*Work order*
A word-for-word copy of the lines below, starting at the line with "tips for organizing and writing your thesis" and ending at the last one, is what you should give. Omit every picture.

*Data for processing*

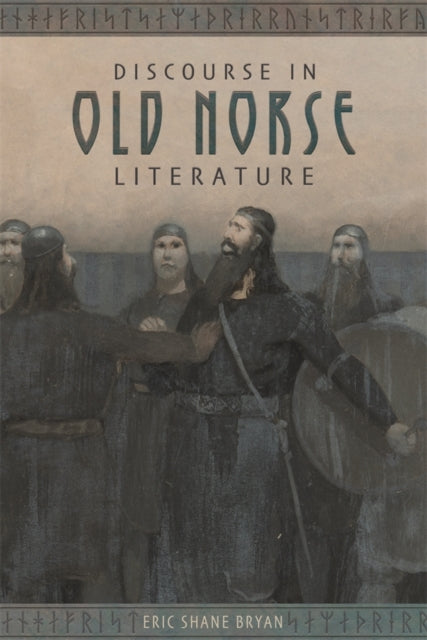 Book cover of: Discourse in Old Norse Literature. By: Eric Shane Bryan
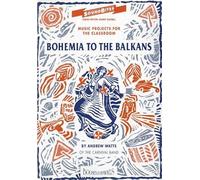 Bohemia To The Balkans: Teacher's Book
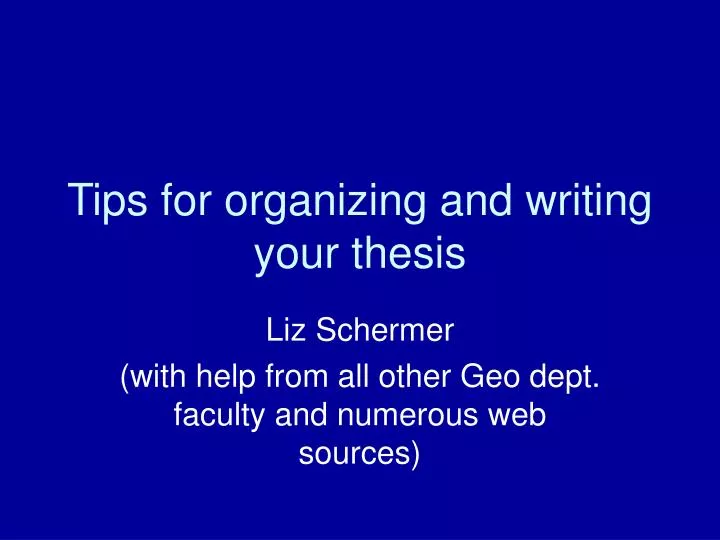 tips for organizing and writing your thesis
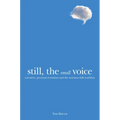 Still, the Small Voice: Narrative, Personal Revelation, and the Mormon Folk Tradition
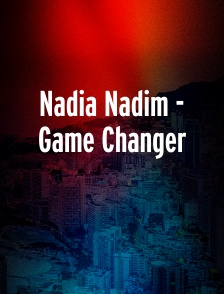 Nadia Nadim - Game Changer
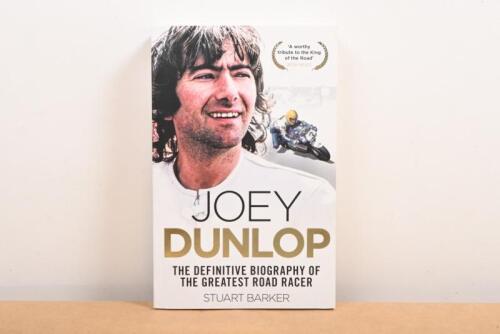 JOEY DUNLOP: A softcover copy of 'Joey Dunlop' Biography by Stuart Barker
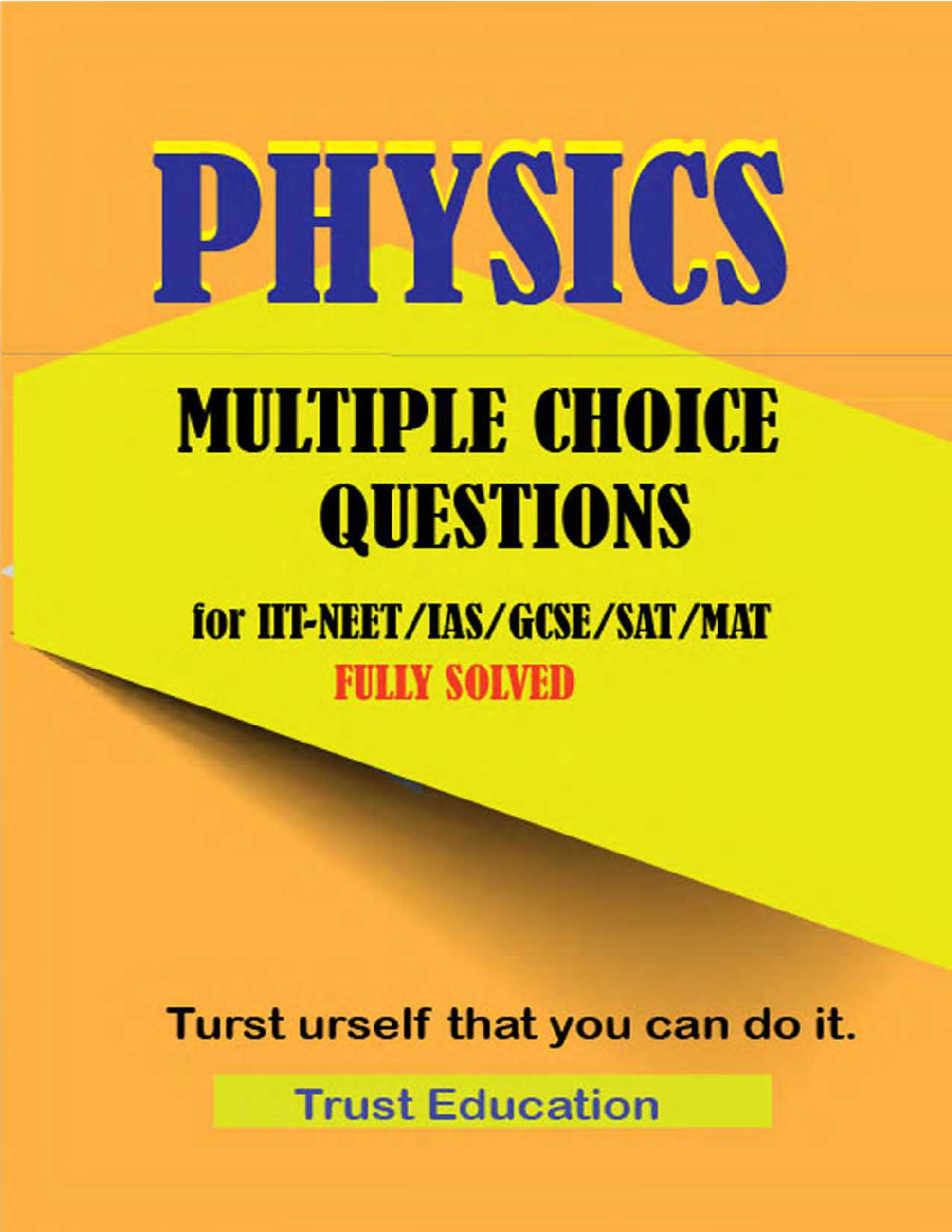 Preview image for PHYSICS MCQS FOR IIT JEE NEET IAS SAT MAT Multiple Choice Questions Answers Fully Solved IITJEE main advanced Trust Education ( PDFDrive )
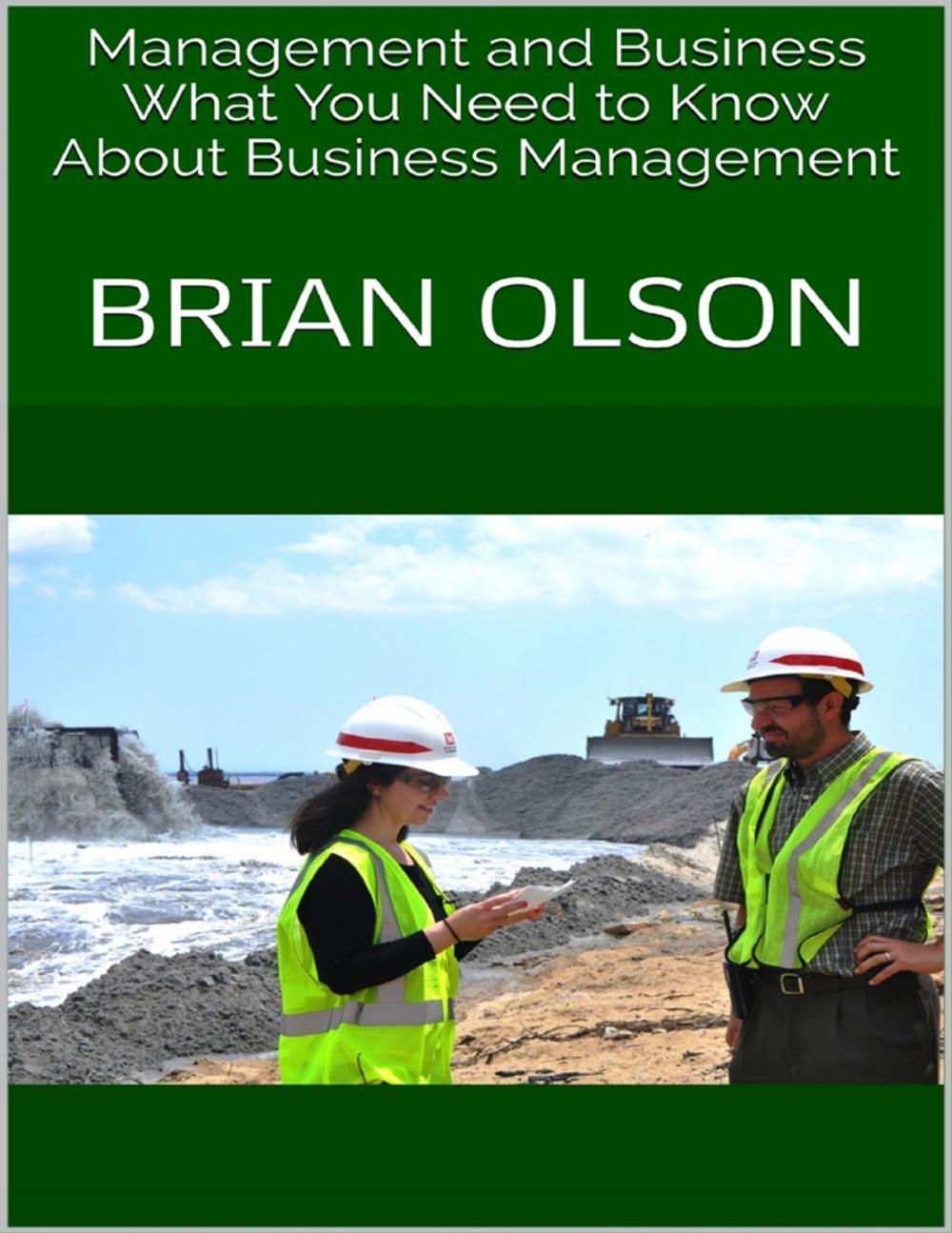 Big bigCover of Management and Business: What You Need to Know About Business Management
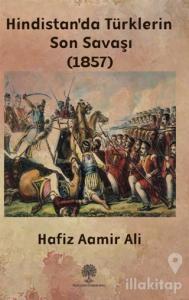 Hindistan'da Türklerin Son Savaşı (1857)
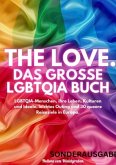 THE LOVE. Das große LGBTQIA Buch - LGBTQIA-Menschen, ihre Leben, Kulturen und Ideale, leichtes Outing und 30 queere Reis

*Response for this exercise*
 tips for organizing and writing your thesis
 Still, the Small Voice: Narrative, Personal Revelation, and the Mormon Folk Tradition
 Nadia Nadim - Game Changer
 JOEY DUNLOP: A softcover copy of 'Joey Dunlop' Biography by Stuart Barker
 Preview image for PHYSICS MCQS FOR IIT JEE NEET IAS SAT MAT Multiple Choice Questions Answers Fully Solved IITJEE main advanced Trust Education ( PDFDrive )
 Big bigCover of Management and Business: What You Need to Know About Business Management
 Hindistan'da Türklerin Son Savaşı (1857)
 THE LOVE. Das große LGBTQIA Buch - LGBTQIA-Menschen, ihre Leben, Kulturen und Ideale, leichtes Outing und 30 queere Reis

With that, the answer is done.